# Water Circulation Pumps..



## neven (May 15, 2010)

Since im not as experienced as many here, im having an issue with dead spots leaving me with a tough choice, have my plants blowing around or leaving them be. So obviously i'll be in need of a circulation pump to get things flowing near the substrate better. Im guessing that it aimed roughly in the direction of the current flow, but along the side wall (and low!) would bring more current flow through the front and eliminate the majority of the dead spots. They happen to be where my future foregound will be.

Problem is no matter where i read, people are quoting tanks as large as 120 gallons, and im only with a 29 gallon. so what im looking for is volume, without turbulence. after all, im looking for the debris to just move, nothing more.

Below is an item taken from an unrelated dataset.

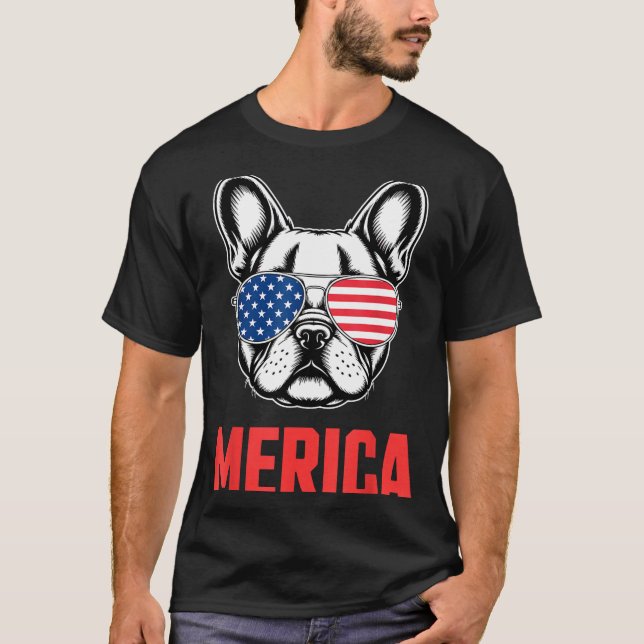 Cool French Bulldog Art For Men Women Kids Frenchi T-Shirt (Vorderseite)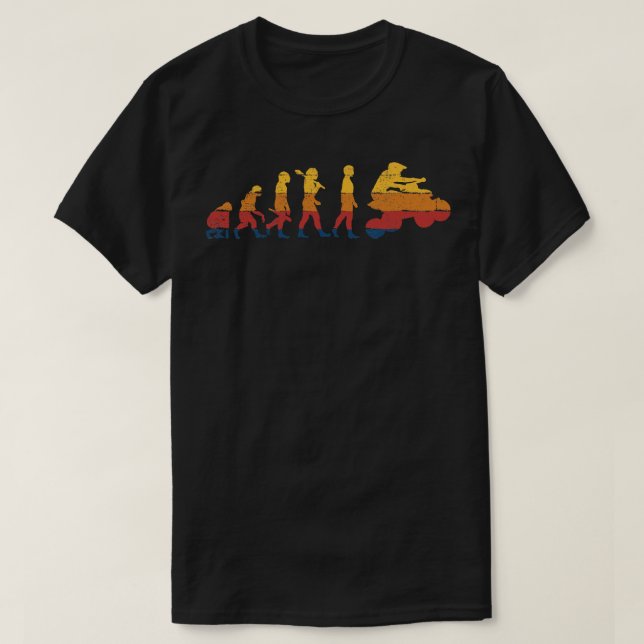 Quad Bike ATV Quad Biking T Shirt (Design framsida)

Anyone out there have experience with circulation pumps on small tanks and is willing to share some insight on some models that would be best suited?


----------



## eternity302 (Apr 22, 2010)

Maybe use a small mini elite?
That's what I use for my tank, not only as a small filter, but it gives a good push for my 5 gallons~


----------



## taureandragon76 (Apr 21, 2010)

^^^Exactly what I use, just look for a small in tank filter that you stick on the inside of the tank.


----------



## neven (May 15, 2010)

Awesome thanks guys, didn't even think about hagen... looks to be slim enough to tuck behind my driftwood where im not planting


----------



## taureandragon76 (Apr 21, 2010)

The other thing that is good with these things is if you wanna get into DIY co2 those little intank filters make great diffusers. On the outake of the filter there should be a nib to attach an airline too on most types of intank filters and this is where you would hook up the line from the DIY co2


----------



## neven (May 15, 2010)

I got my diy connected into my xp1 intake, little to no bubbles coming out and my drop checker is in the light green  on a side note its been weeks and my jello co2 is still going strong with zero maintnence


----------



## b/p (Apr 21, 2010)

Keep in mind that the rated GPH might sound like alot but in actual use it's not THAT much flow.

I use a Koralia Evolution 1400GPH to push pleco poop upwards to get filtered out in my 120G. It provides flow but not what I thought 1400GPH would be (thought my fish would be hanging on for dear life). Thinking of getting another one to put on the other side of the tank


----------



## stingraylord (Jun 18, 2010)

The smaller Koralia pumps do good.


----------